The evidence is that the acceleration of gravity is a constant value.

This value is approximately 9.8 m/s^2.

This has been found over and over again by experiment but it is only a close approximation.

It is almost correct for large dense objects but it is completely wrong for things like a balloon.

Having established that the rest is an automatic consequence.

The displacement is the integral of the velocity.

The velocity is the integral of the acceleration.

ie a = g = - 9.8

v = vo + gt = vo - 9.8 t

s = integral (v) = so + vo t + 1/2 g t^2

= so + vot - 4.9 t^2 ( approximately.... remember that the exact value of the acceleration of gravity is not PRECISELY 9.8 )

• A derivation which you can undersand depends on your starting point - what background (in maths and physics) you already have.

For example do you know how to use acceleration and time to find a change in velocity? Do you know about sign conventions for acceleration and velocities? Do you understand what 'g' (acceleration due to gravity) is?

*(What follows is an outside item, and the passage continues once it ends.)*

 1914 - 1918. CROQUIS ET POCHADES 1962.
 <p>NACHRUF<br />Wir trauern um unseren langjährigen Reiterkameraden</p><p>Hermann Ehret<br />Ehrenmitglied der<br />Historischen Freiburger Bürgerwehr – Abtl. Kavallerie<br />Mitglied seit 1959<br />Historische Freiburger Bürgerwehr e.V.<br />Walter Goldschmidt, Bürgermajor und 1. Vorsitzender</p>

Without knowing your starting point, it is impossible to give a good explanation here.

You could try the 3 videos in the link - but note the symbols used are different to the ones you are using (e.g. initial velocity is 'u').

• Let's say I toss a ball up and it leaves my hand with speed +v0 where the "+" indicates it is moving upward. I know there is a net force acting on the ball namely

F = -m*g where m = mass of ball and g = 9.8 m/s^2 and the "-" means it is acting downward

By Newton's laws of motion I can write F = -m*a = -m*g or a = g

Now a = rate of change of speed or velocity over time = dv/dt so

g = dv/dt --> and v = change in position over change in time = dh/dt so

g = dv/dt = d(dh/dt)/dt = d^2h/dt^2

Integrate once gt = dh/dt + constant. we know that at t = 0 dh/dt = +v0 so

gt = dh/dt + v0 --> integrate again

(1/2) gt^2 = h +v0*t + constant --> set constant = h0 = initial position at t = 0

(1/2) gt^2 = h +v0*t + h0 --> -h = -1/2 gt^2 +v0*t + h0

• I don't have a proof, but I do have a derivation based on the physics.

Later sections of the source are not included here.